• _TASK_
Without skipping anything, print all of the data exactly.

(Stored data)
---*---
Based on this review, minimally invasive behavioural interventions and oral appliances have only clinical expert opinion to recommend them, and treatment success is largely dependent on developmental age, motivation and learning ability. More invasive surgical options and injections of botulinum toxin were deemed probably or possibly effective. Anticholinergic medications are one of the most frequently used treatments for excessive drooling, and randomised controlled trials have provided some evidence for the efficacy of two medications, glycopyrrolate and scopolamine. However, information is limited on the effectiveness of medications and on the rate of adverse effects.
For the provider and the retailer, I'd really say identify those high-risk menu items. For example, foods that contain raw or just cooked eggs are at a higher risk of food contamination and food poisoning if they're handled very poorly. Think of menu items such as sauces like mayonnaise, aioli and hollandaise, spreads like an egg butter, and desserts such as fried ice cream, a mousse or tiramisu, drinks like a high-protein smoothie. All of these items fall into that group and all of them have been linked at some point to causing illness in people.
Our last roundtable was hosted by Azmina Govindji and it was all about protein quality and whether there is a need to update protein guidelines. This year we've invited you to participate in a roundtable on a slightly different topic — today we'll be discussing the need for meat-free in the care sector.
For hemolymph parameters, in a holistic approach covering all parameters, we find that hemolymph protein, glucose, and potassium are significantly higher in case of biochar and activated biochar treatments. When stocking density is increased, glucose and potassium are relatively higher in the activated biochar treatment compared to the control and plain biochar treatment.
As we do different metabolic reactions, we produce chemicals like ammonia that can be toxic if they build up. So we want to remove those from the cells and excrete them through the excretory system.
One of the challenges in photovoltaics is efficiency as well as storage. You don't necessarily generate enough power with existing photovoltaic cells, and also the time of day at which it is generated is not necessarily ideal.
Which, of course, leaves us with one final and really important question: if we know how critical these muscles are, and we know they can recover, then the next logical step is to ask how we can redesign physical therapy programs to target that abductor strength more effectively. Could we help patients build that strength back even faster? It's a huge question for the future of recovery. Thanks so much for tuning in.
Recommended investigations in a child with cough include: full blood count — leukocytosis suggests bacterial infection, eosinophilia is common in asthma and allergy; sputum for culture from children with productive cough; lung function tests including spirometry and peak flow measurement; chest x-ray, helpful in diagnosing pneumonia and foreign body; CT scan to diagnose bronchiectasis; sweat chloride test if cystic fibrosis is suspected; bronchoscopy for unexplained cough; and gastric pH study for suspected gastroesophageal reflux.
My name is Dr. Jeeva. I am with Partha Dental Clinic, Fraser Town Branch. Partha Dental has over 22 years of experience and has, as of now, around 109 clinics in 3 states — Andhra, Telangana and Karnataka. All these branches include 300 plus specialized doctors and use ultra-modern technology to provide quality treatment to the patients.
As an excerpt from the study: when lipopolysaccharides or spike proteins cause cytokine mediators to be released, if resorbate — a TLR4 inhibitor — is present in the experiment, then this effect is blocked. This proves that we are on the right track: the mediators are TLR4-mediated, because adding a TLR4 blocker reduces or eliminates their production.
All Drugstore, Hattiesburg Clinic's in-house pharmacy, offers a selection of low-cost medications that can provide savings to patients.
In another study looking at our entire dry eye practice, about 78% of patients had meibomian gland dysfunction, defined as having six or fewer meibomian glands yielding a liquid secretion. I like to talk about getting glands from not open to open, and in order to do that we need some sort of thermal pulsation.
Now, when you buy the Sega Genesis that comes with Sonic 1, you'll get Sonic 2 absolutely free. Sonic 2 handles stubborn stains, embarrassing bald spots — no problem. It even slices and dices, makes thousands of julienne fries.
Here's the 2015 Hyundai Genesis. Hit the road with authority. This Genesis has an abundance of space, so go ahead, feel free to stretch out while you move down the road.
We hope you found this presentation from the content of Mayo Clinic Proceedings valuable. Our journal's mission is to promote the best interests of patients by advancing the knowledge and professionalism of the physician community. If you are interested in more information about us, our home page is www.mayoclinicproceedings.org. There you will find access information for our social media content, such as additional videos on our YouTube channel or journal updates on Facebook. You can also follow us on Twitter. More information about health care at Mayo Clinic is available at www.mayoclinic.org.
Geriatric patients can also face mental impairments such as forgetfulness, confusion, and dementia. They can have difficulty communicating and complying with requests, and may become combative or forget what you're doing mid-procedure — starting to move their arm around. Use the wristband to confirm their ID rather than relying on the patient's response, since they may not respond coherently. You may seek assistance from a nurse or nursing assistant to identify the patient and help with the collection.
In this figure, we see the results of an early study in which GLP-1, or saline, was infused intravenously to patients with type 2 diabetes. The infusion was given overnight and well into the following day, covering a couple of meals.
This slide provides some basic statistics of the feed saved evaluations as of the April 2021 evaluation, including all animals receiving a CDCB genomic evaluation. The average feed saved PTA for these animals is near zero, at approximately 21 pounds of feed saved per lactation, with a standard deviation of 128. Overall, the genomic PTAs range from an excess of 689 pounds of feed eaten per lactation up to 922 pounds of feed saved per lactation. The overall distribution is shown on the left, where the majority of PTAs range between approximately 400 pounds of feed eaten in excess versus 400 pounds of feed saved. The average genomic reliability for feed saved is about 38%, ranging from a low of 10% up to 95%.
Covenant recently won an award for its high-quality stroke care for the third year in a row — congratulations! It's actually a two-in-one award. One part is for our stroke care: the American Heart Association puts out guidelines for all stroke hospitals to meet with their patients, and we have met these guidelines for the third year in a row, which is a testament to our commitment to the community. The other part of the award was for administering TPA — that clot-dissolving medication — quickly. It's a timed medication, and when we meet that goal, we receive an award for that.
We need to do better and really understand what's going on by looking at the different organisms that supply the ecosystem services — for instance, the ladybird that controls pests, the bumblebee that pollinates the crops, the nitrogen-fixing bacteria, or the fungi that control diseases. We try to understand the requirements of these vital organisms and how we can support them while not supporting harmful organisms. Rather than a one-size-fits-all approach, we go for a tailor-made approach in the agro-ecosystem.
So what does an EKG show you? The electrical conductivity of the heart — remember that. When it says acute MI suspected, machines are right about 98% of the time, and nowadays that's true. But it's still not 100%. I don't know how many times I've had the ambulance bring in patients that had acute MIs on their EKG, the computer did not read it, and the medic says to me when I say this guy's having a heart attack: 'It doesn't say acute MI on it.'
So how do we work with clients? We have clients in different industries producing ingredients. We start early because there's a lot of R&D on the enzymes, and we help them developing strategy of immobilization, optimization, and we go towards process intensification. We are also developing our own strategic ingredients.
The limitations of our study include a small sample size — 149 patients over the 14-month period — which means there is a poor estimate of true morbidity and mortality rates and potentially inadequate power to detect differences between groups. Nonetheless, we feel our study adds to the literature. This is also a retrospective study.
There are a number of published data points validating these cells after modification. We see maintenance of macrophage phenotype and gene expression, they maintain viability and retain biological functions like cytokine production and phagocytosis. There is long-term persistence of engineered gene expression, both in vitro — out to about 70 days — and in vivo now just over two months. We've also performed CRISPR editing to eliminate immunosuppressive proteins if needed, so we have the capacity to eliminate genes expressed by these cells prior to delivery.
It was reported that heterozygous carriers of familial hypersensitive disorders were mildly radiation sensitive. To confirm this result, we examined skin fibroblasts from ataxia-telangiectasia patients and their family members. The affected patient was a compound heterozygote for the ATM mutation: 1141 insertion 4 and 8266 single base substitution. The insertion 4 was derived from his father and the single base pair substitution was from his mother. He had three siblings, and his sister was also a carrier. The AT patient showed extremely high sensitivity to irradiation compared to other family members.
---*---
• _YOUR RESPONSE_
Based on this review, minimally invasive behavioural interventions and oral appliances have only clinical expert opinion to recommend them, and treatment success is largely dependent on developmental age, motivation and learning ability. More invasive surgical options and injections of botulinum toxin were deemed probably or possibly effective. Anticholinergic medications are one of the most frequently used treatments for excessive drooling, and randomised controlled trials have provided some evidence for the efficacy of two medications, glycopyrrolate and scopolamine. However, information is limited on the effectiveness of medications and on the rate of adverse effects.
For the provider and the retailer, I'd really say identify those high-risk menu items. For example, foods that contain raw or just cooked eggs are at a higher risk of food contamination and food poisoning if they're handled very poorly. Think of menu items such as sauces like mayonnaise, aioli and hollandaise, spreads like an egg butter, and desserts such as fried ice cream, a mousse or tiramisu, drinks like a high-protein smoothie. All of these items fall into that group and all of them have been linked at some point to causing illness in people.
Our last roundtable was hosted by Azmina Govindji and it was all about protein quality and whether there is a need to update protein guidelines. This year we've invited you to participate in a roundtable on a slightly different topic — today we'll be discussing the need for meat-free in the care sector.
For hemolymph parameters, in a holistic approach covering all parameters, we find that hemolymph protein, glucose, and potassium are significantly higher in case of biochar and activated biochar treatments. When stocking density is increased, glucose and potassium are relatively higher in the activated biochar treatment compared to the control and plain biochar treatment.
As we do different metabolic reactions, we produce chemicals like ammonia that can be toxic if they build up. So we want to remove those from the cells and excrete them through the excretory system.
One of the challenges in photovoltaics is efficiency as well as storage. You don't necessarily generate enough power with existing photovoltaic cells, and also the time of day at which it is generated is not necessarily ideal.
Which, of course, leaves us with one final and really important question: if we know how critical these muscles are, and we know they can recover, then the next logical step is to ask how we can redesign physical therapy programs to target that abductor strength more effectively. Could we help patients build that strength back even faster? It's a huge question for the future of recovery. Thanks so much for tuning in.
Recommended investigations in a child with cough include: full blood count — leukocytosis suggests bacterial infection, eosinophilia is common in asthma and allergy; sputum for culture from children with productive cough; lung function tests including spirometry and peak flow measurement; chest x-ray, helpful in diagnosing pneumonia and foreign body; CT scan to diagnose bronchiectasis; sweat chloride test if cystic fibrosis is suspected; bronchoscopy for unexplained cough; and gastric pH study for suspected gastroesophageal reflux.
My name is Dr. Jeeva. I am with Partha Dental Clinic, Fraser Town Branch. Partha Dental has over 22 years of experience and has, as of now, around 109 clinics in 3 states — Andhra, Telangana and Karnataka. All these branches include 300 plus specialized doctors and use ultra-modern technology to provide quality treatment to the patients.
As an excerpt from the study: when lipopolysaccharides or spike proteins cause cytokine mediators to be released, if resorbate — a TLR4 inhibitor — is present in the experiment, then this effect is blocked. This proves that we are on the right track: the mediators are TLR4-mediated, because adding a TLR4 blocker reduces or eliminates their production.
All Drugstore, Hattiesburg Clinic's in-house pharmacy, offers a selection of low-cost medications that can provide savings to patients.
In another study looking at our entire dry eye practice, about 78% of patients had meibomian gland dysfunction, defined as having six or fewer meibomian glands yielding a liquid secretion. I like to talk about getting glands from not open to open, and in order to do that we need some sort of thermal pulsation.
Now, when you buy the Sega Genesis that comes with Sonic 1, you'll get Sonic 2 absolutely free. Sonic 2 handles stubborn stains, embarrassing bald spots — no problem. It even slices and dices, makes thousands of julienne fries.
Here's the 2015 Hyundai Genesis. Hit the road with authority. This Genesis has an abundance of space, so go ahead, feel free to stretch out while you move down the road.
We hope you found this presentation from the content of Mayo Clinic Proceedings valuable. Our journal's mission is to promote the best interests of patients by advancing the knowledge and professionalism of the physician community. If you are interested in more information about us, our home page is www.mayoclinicproceedings.org. There you will find access information for our social media content, such as additional videos on our YouTube channel or journal updates on Facebook. You can also follow us on Twitter. More information about health care at Mayo Clinic is available at www.mayoclinic.org.
Geriatric patients can also face mental impairments such as forgetfulness, confusion, and dementia. They can have difficulty communicating and complying with requests, and may become combative or forget what you're doing mid-procedure — starting to move their arm around. Use the wristband to confirm their ID rather than relying on the patient's response, since they may not respond coherently. You may seek assistance from a nurse or nursing assistant to identify the patient and help with the collection.
In this figure, we see the results of an early study in which GLP-1, or saline, was infused intravenously to patients with type 2 diabetes. The infusion was given overnight and well into the following day, covering a couple of meals.
This slide provides some basic statistics of the feed saved evaluations as of the April 2021 evaluation, including all animals receiving a CDCB genomic evaluation. The average feed saved PTA for these animals is near zero, at approximately 21 pounds of feed saved per lactation, with a standard deviation of 128. Overall, the genomic PTAs range from an excess of 689 pounds of feed eaten per lactation up to 922 pounds of feed saved per lactation. The overall distribution is shown on the left, where the majority of PTAs range between approximately 400 pounds of feed eaten in excess versus 400 pounds of feed saved. The average genomic reliability for feed saved is about 38%, ranging from a low of 10% up to 95%.
Covenant recently won an award for its high-quality stroke care for the third year in a row — congratulations! It's actually a two-in-one award. One part is for our stroke care: the American Heart Association puts out guidelines for all stroke hospitals to meet with their patients, and we have met these guidelines for the third year in a row, which is a testament to our commitment to the community. The other part of the award was for administering TPA — that clot-dissolving medication — quickly. It's a timed medication, and when we meet that goal, we receive an award for that.
We need to do better and really understand what's going on by looking at the different organisms that supply the ecosystem services — for instance, the ladybird that controls pests, the bumblebee that pollinates the crops, the nitrogen-fixing bacteria, or the fungi that control diseases. We try to understand the requirements of these vital organisms and how we can support them while not supporting harmful organisms. Rather than a one-size-fits-all approach, we go for a tailor-made approach in the agro-ecosystem.
So what does an EKG show you? The electrical conductivity of the heart — remember that. When it says acute MI suspected, machines are right about 98% of the time, and nowadays that's true. But it's still not 100%. I don't know how many times I've had the ambulance bring in patients that had acute MIs on their EKG, the computer did not read it, and the medic says to me when I say this guy's having a heart attack: 'It doesn't say acute MI on it.'
So how do we work with clients? We have clients in different industries producing ingredients. We start early because there's a lot of R&D on the enzymes, and we help them developing strategy of immobilization, optimization, and we go towards process intensification. We are also developing our own strategic ingredients.
The limitations of our study include a small sample size — 149 patients over the 14-month period — which means there is a poor estimate of true morbidity and mortality rates and potentially inadequate power to detect differences between groups. Nonetheless, we feel our study adds to the literature. This is also a retrospective study.
There are a number of published data points validating these cells after modification. We see maintenance of macrophage phenotype and gene expression, they maintain viability and retain biological functions like cytokine production and phagocytosis. There is long-term persistence of engineered gene expression, both in vitro — out to about 70 days — and in vivo now just over two months. We've also performed CRISPR editing to eliminate immunosuppressive proteins if needed, so we have the capacity to eliminate genes expressed by these cells prior to delivery.
It was reported that heterozygous carriers of familial hypersensitive disorders were mildly radiation sensitive. To confirm this result, we examined skin fibroblasts from ataxia-telangiectasia patients and their family members. The affected patient was a compound heterozygote for the ATM mutation: 1141 insertion 4 and 8266 single base substitution. The insertion 4 was derived from his father and the single base pair substitution was from his mother. He had three siblings, and his sister was also a carrier. The AT patient showed extremely high sensitivity to irradiation compared to other family members.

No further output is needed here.